The extractive economy leads to the deterioration of the living conditions of communities.
Social protest and repression.
The window of opportunity for foreign actors to engage in extractive practices.
The eventual shift in power.
Even though these dynamics can provide us with a reasonable explanation of the situation, it would be interesting to see how they affect the main actor of the conflict and how they create an imbalance in the current power structure.
Who are the actors involved and how are they affected?
One way of approaching actors is looking at how the causes benefit or damage them and, as a consequence of this, how they respond.
Following this idea, we can reveal an “incentive loop”, as shown in the visual, where the “current power network” actions “protest repression” damaging communities. As a consequence of this, the communities “pressure to change” the political situation and “support” other actors to do the same. This dynamic can lead to the escalation of violence. It also leads to the formation of alliances between different actors that are damaged by a situation or that can benefit from the destabilisation of the current power structure.
Communities see the “new business network” as an alternative source of funding and support. ”New business networks” and “new power network” benefit themselves from the control of resources.
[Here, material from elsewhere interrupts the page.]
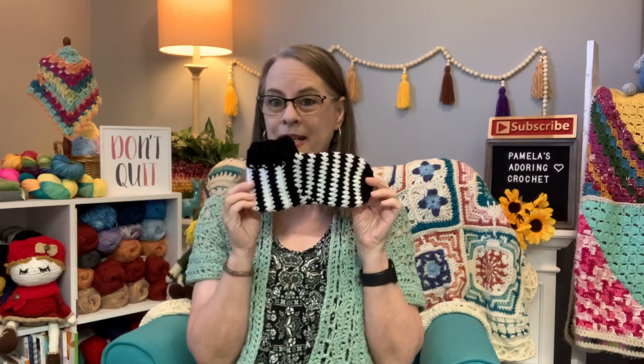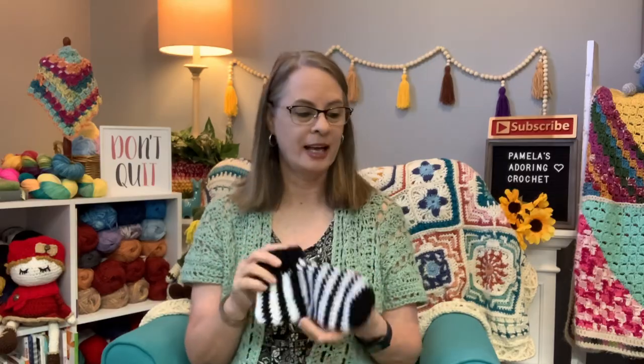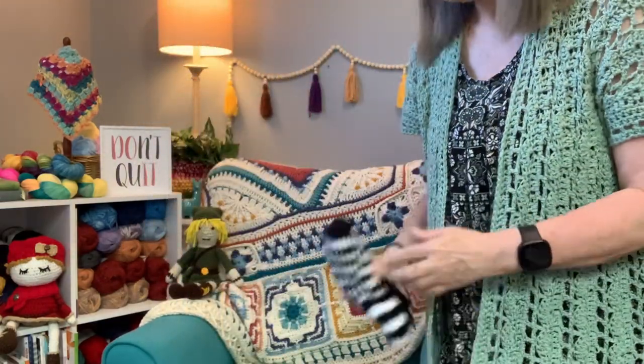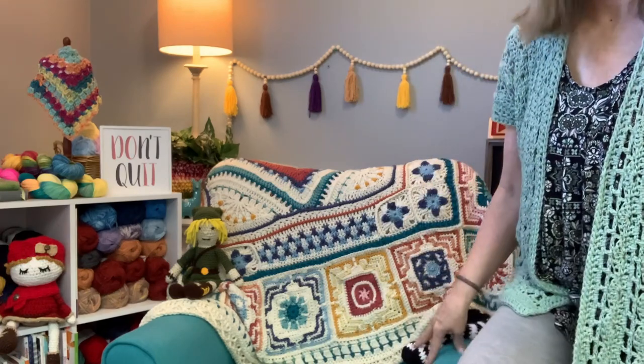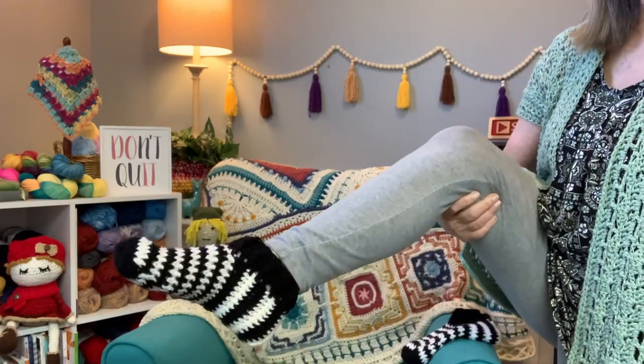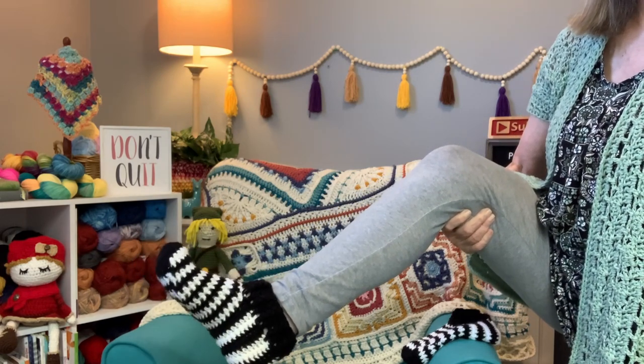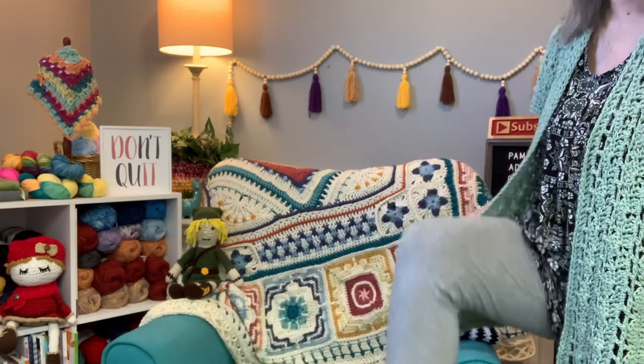The next thing I made is a pair of slippers. Let me show you the other half of the pair that I have on — if I can get my foot up here. There it is. She wears a size 6, 6 and a half, something like that, so this is the small size slipper. So I made that — that's actually all I've made, just those two things.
This mutual benefit enables them to work together to consolidate themselves in power. The community and the new business network have different purposes, communities fight against the deterioration of their living conditions and repression, while the new business network wants to gain control over the resources. However, they share the same means to achieve their purposes, removing the current power structure. These common means to achieve different purposes creates the space for a temporary alliance.
Competition between the current and new power networks
The last dimension we can analyse is the competition power structures and their dynamics.
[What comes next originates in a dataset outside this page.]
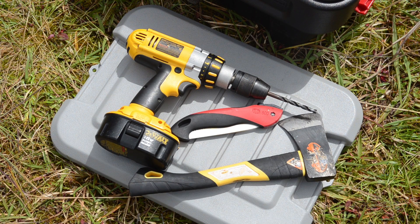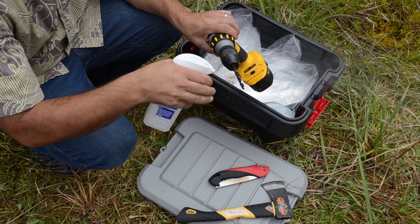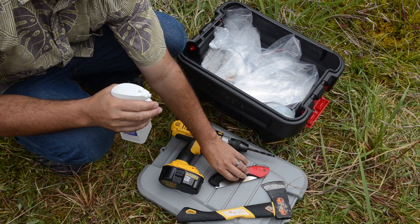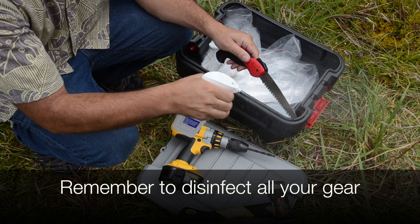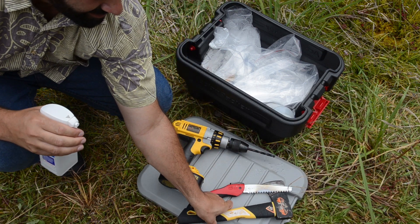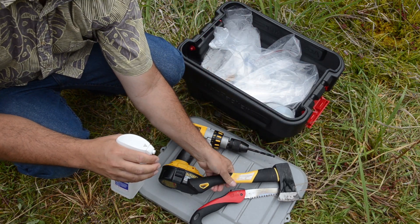There are a few different ways to collect the sample, and there are different tools for each method. Before we get started, we need to spray our tools with 70% rubbing alcohol. This will kill off any spores that were left over from the last sample we collected. We just spray the alcohol on our tools and let it dry, and then we'll be ready to go.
In this example, I used the relation of “supports” to show the flow of people, resources, money or military aid from one actor to another. As I showed before, every actor is affected by one or more causes that create incentives for them to behave in the way they do. One type of behaviour is creating formal and informal networks through which they can exert power.
Additionally, they can share more than incentives, they also can share ideology, values, religious beliefs or grievances. These subjective factors can create strong bonds between people contributing to consolidating the networks of powerful actors.
Why is this valuable?
Unfortunately, there are many situations that erode or threaten our living conditions, from climate change, pollution, the degradation of our cities or open violent conflicts for the control of strategic resources. In these situations, we need to act, even though we do not always have the resources, access to the right actors, or the legitimacy to do it. In this situation, we can create the conditions for the people that are involved in the problem and find a way to improve it.
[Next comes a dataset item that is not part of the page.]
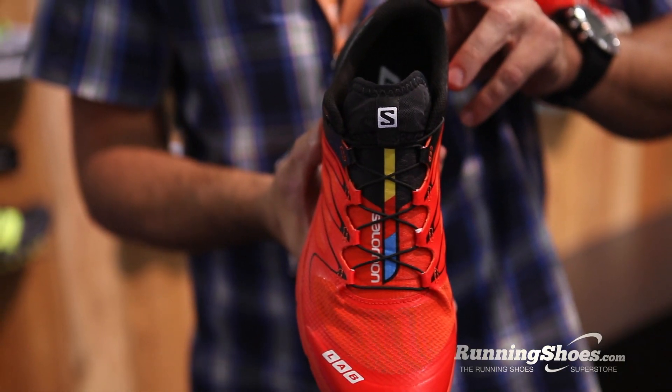Right now I'm going to talk about the updates to our SLAB line. We've got two new shoes for our SLAB line. One is the Sense3 Ultra.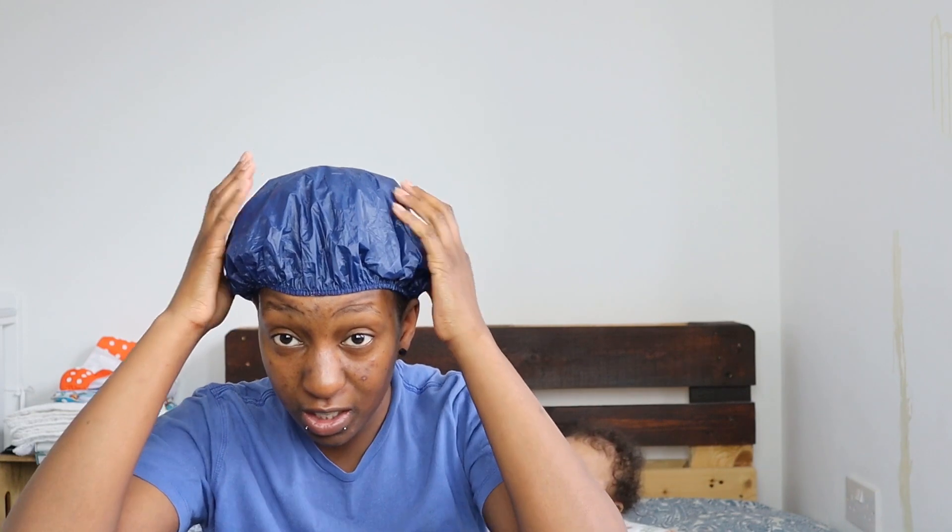I'll put this shower cap on because I don't have any cling film. We'll be back in... it says 10 to 30 minutes. I think I should leave it to 30 minutes because my hair's so dark, so I might extend it. I'll check in 15 minutes and then I'll check again.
This way of mapping complex situations can help identify the main dynamics and obstacles that prevent situations from improving, reveal the incentives that emerge from these dynamics, and show how they shape and condition how the network of actors organises themselves to exert power.
As the visuals show, these Meta-CLDs are interactive, enabling us to collaborate with other people that work on the same problem and have a different perspective, different data or different knowledge to integrate them into a cohesive whole. Meta-CLDs allow us to explore specific areas of interest without suffering data overload.
In my perspective, Meta-CLDs reduce the complexity of the standard maps by being able to query and traverse them. This querying capacity makes it easy to explore it as our understanding of the situation improves and makes it easier to make decisions based on our discoveries.
Finally, these maps help to create a common ground for people, teams and organisations that have to intervene in a complex situation. It brings together their knowledge and helps challenge underlying assumptions and find entry points to engage with actors to move things forward.